Summary of the Global Situation for Businesses and Investors

The election of Donald Trump as President of the United States has caused uncertainty in Europe and China, with European officials expressing concern about the potential impact on the war in Ukraine and relations with China. In Ukraine, the injury of a North Korean general and the use of an intercontinental missile by Russia have raised tensions, while North Korea and Russia have strengthened their relationship with a tourism drive and missile exchange. Meanwhile, Türkiye's comms chief has called for global cooperation on energy geopolitics, and Vietnam's new digital regulations have raised concerns about the country's business environment.

Donald Trump's Election and its Impact on Europe and China

The election of Donald Trump as President of the United States has caused uncertainty in Europe and China. European officials have expressed concern about the potential impact on the war in Ukraine and relations with China. Trump has repeatedly stated that he could end the conflict in Ukraine in one day, which has prompted fears that he will push for concessions that favour Russian President Vladimir Putin. European leaders are divided on how to respond to the situation, with some criticising German Chancellor Olaf Scholz for calling Putin to negotiate and others suggesting that Europe should move closer to China. However, European officials have stated that they do not want to be dragged into the foreign policy towards China that the new American administration will be engaged in.

Ukraine

In Ukraine, the injury of a North Korean general and the use of an intercontinental missile by Russia have raised tensions in the Russia-Ukraine conflict. The North Korean general, Col Gen Kim Yong Bok, was injured in a Ukrainian strike in Russia's Kursk region, marking the first casualty of a senior North Korean military officer in the escalating conflict. The attack may have targeted a command post used by Russian and North Korean forces, and North Korean troops fighting in Ukraine have been declared fair game and targets by the Ukrainian military. The use of an intercontinental missile by Russia has raised concerns about the potential for a global war, with Poland warning that Russia may be trying to send a message to Ukraine's Western backers.
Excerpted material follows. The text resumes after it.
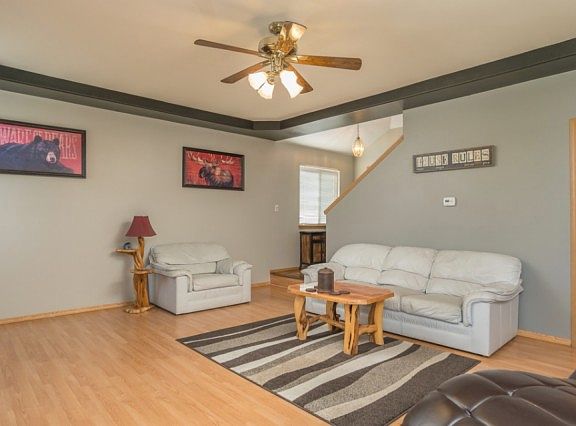 4th image of 608 Burnett Ct NW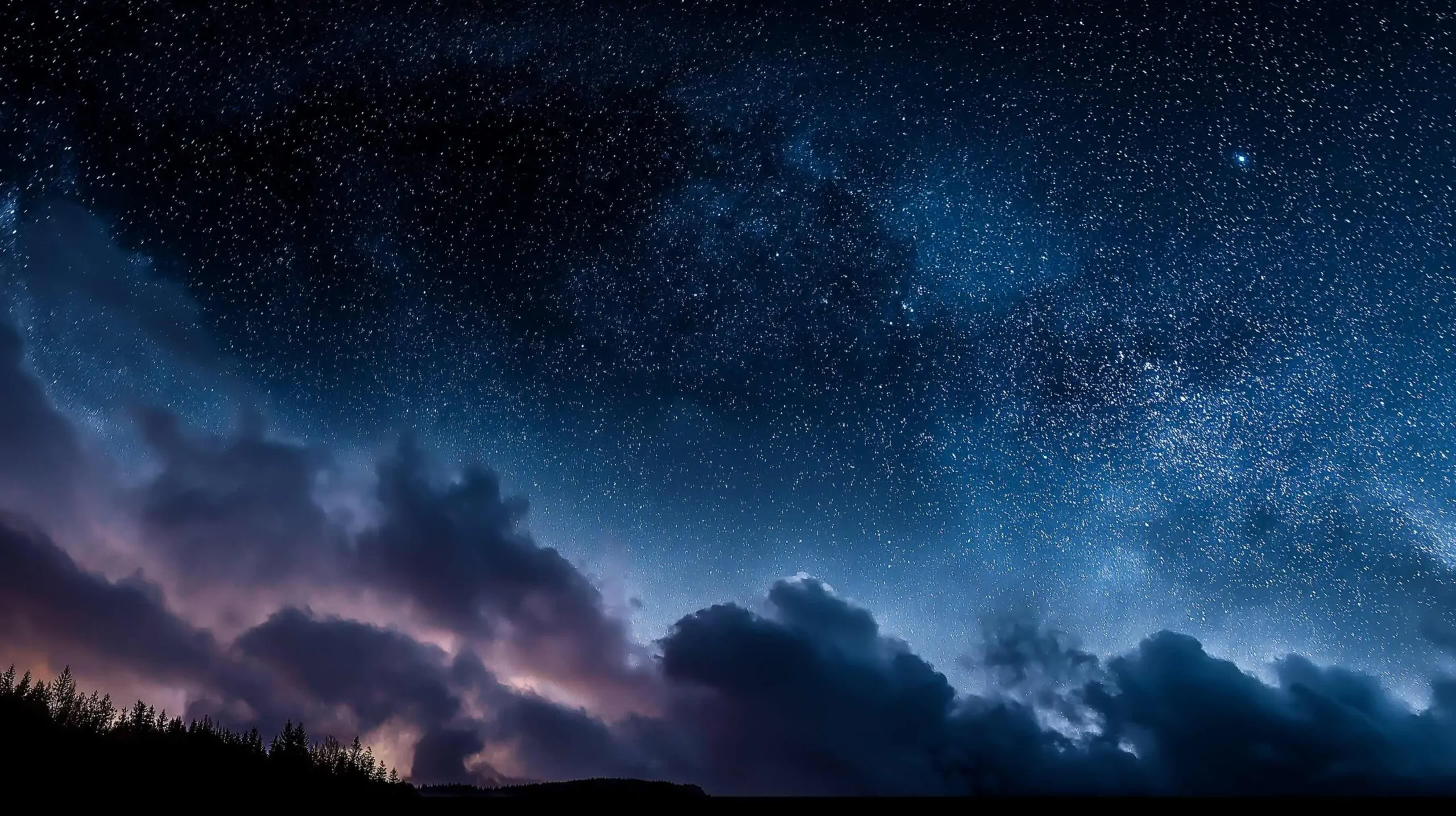 August 2025 Night Sky Spectacles: Rare Black Moon, Nebula Treasure, Mars in Virgo & Saturn’s Shadow Show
North Korea and Russia's Strengthened Relationship

North Korea and Russia have strengthened their relationship with a tourism drive and missile exchange. High-level talks in Pyongyang have resulted in an agreement to increase the number of charter flights between the two countries to promote tourism. Additionally, South Korea has stated that Russia supplied air defence missiles to North Korea in exchange for its troops, with North Korea potentially receiving between $320 million to $1.3 billion annually from Russia for sending its troops to Ukraine. This exchange of troops and missiles has raised concerns about the potential impact on the war in Ukraine and the broader geopolitical situation in the region.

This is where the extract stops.